Dataset extract below:
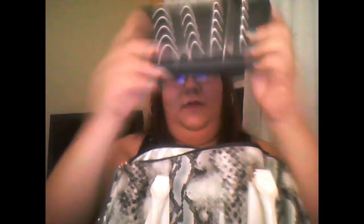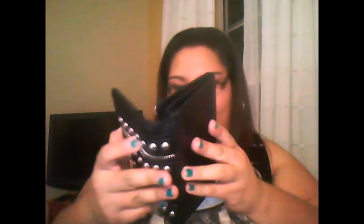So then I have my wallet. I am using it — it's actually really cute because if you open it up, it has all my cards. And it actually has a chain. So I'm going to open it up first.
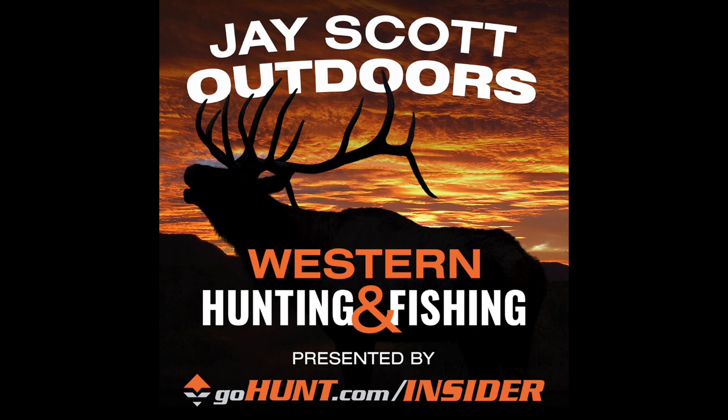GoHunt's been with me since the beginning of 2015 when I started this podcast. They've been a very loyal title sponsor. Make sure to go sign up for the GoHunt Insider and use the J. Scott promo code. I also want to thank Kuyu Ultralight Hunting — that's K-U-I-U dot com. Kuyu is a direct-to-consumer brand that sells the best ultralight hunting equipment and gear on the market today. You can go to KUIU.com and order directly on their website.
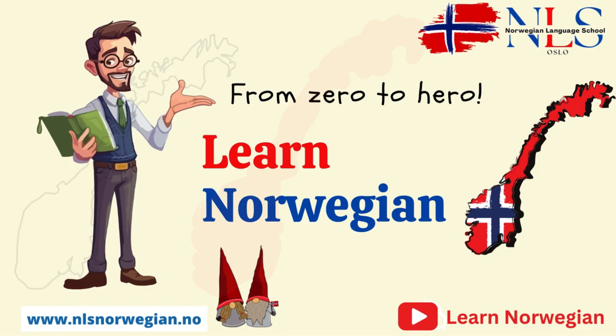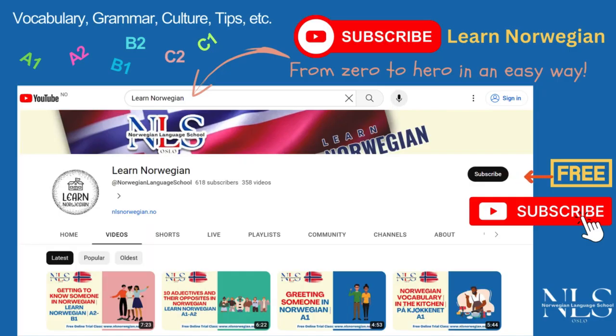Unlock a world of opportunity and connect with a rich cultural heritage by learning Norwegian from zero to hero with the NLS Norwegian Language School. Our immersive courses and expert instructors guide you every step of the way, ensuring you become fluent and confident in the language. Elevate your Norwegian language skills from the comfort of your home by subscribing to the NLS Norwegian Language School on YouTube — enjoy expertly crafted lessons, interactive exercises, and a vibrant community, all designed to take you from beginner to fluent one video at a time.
End of Dataset extract.
**Work to be completed:**
In copying the listing, reproduce each line exactly and omit the pictures.

**Solution to this problem:**
So then I have my wallet. I am using it — it's actually really cute because if you open it up, it has all my cards. And it actually has a chain. So I'm going to open it up first.
GoHunt's been with me since the beginning of 2015 when I started this podcast. They've been a very loyal title sponsor. Make sure to go sign up for the GoHunt Insider and use the J. Scott promo code. I also want to thank Kuyu Ultralight Hunting — that's K-U-I-U dot com. Kuyu is a direct-to-consumer brand that sells the best ultralight hunting equipment and gear on the market today. You can go to KUIU.com and order directly on their website.
Unlock a world of opportunity and connect with a rich cultural heritage by learning Norwegian from zero to hero with the NLS Norwegian Language School. Our immersive courses and expert instructors guide you every step of the way, ensuring you become fluent and confident in the language. Elevate your Norwegian language skills from the comfort of your home by subscribing to the NLS Norwegian Language School on YouTube — enjoy expertly crafted lessons, interactive exercises, and a vibrant community, all designed to take you from beginner to fluent one video at a time.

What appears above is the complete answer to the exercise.